Oct 19 – 22, 2011
Hotel Roanoke, Roanoke VA
US/Eastern timezone

Graphene: it's all about the surface

Oct 20, 2011, 8:30 AM
30m
Crystal Ballroom B (Hotel Roanoke, Roanoke VA)

Crystal Ballroom B

Hotel Roanoke, Roanoke VA

Speaker

Kirill Bolotin (Vanderbilt University)

Description

Every atom of graphene, a monolayer of graphite, belongs to the surface. Therefore, the environment of graphene -- the substrate onto which graphene is deposited and the coating on top of graphene -- intimately affects the properties of graphene. In this talk, we demonstrate that both mechanical and electrical properties of graphene can be greatly tuned by varying its environment. First, we discuss ultraclean graphene devices suspended in vacuum.
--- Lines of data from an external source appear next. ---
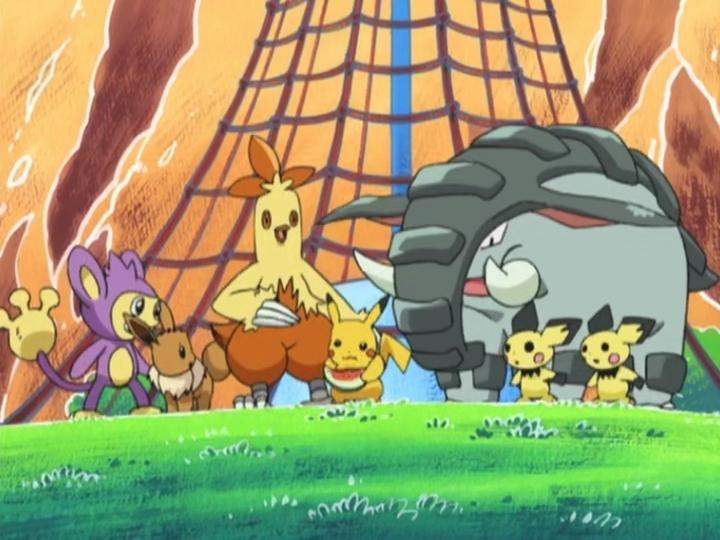 Pokémon Season 0 :Episode 14  Pikachu's Island Adventure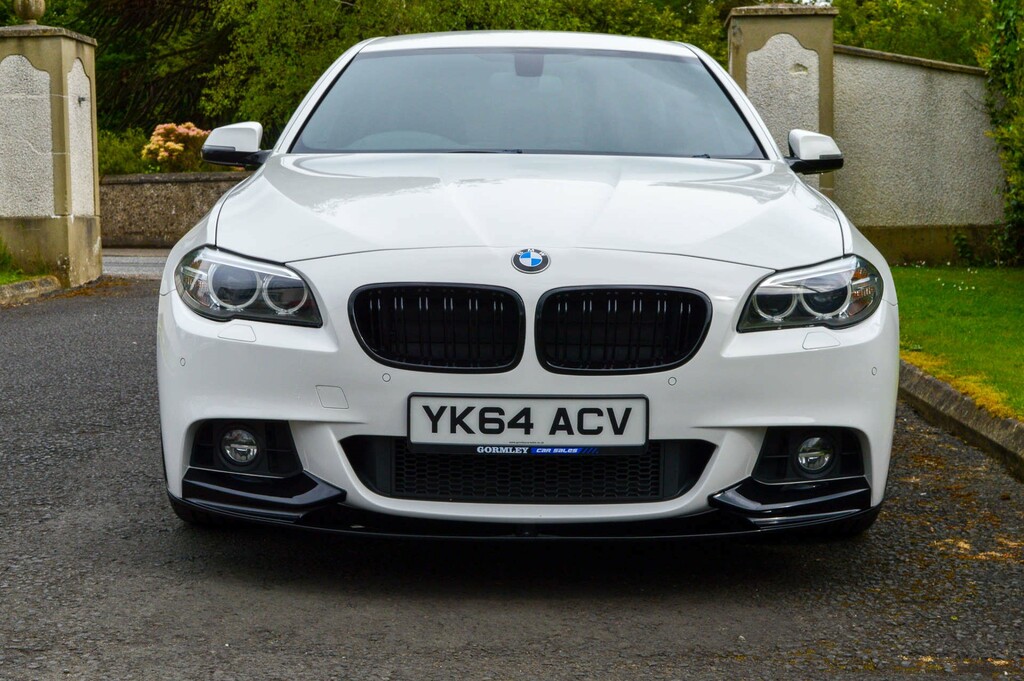 BMW 5 Series 520D M Sport YK64ACV  #3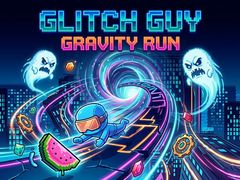 Spill Glitch Guy Gravity Run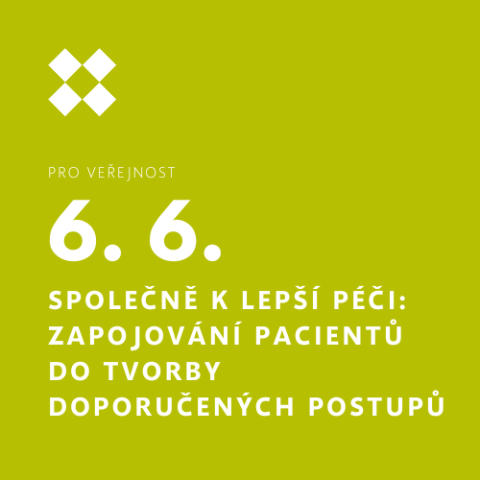 grafika s datem konání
We achieve a carrier mobility in excess of 200,000 cm^2/Vs in these devices and demonstrate previously inaccessible transport regimes, including ballistic transport and the fractional quantum Hall effect. Second, we explore the electrical properties of graphene surrounded by liquid dielectrics. We find that the ions in liquids can cause strong scattering in graphene and demonstrate very large values for room temperature mobility (>60,000 cm^2/Vs) in ion-free liquids with high dielectric permittivity. Finally, we demonstrate that the environment of graphene affects its mechanical properties. We develop a novel technique to study the mechanical properties of graphene films attached to substrates by measuring the temperature-dependent deflection of a "bimetallic" cantilever composed of graphene and silicon nitride or gold layers. We demonstrate that the built-in strain, the substrate adhesion force and even the thermal expansion coefficient of graphene depend on the substrate under it.